▸ **WORK ITEM**
Write out the entire listing below exactly, with the pictures left out.

***** DATA *****

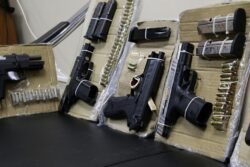 Proyecto busca sancionar con cárcel a quienes colaboren con la compra de armas de fuego para cometer delitos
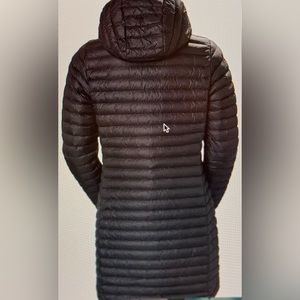 Helly Hansen Sirdal long insulated jacket new with tags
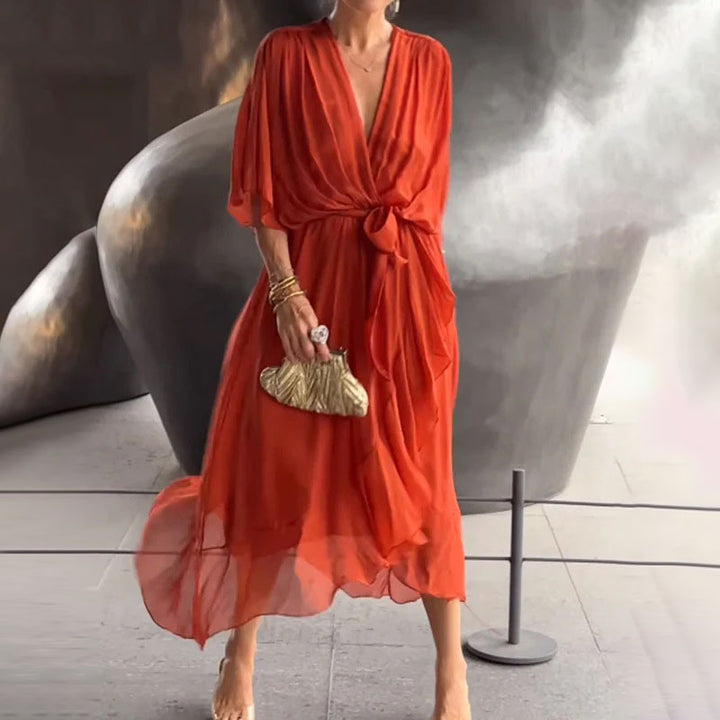 ALINTA – MIDIKLEID MIT V-AUSSCHNITT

*****

▸ **SOLUTION TO THIS EXERCISE**
 Proyecto busca sancionar con cárcel a quienes colaboren con la compra de armas de fuego para cometer delitos
 Helly Hansen Sirdal long insulated jacket new with tags
 ALINTA – MIDIKLEID MIT V-AUSSCHNITT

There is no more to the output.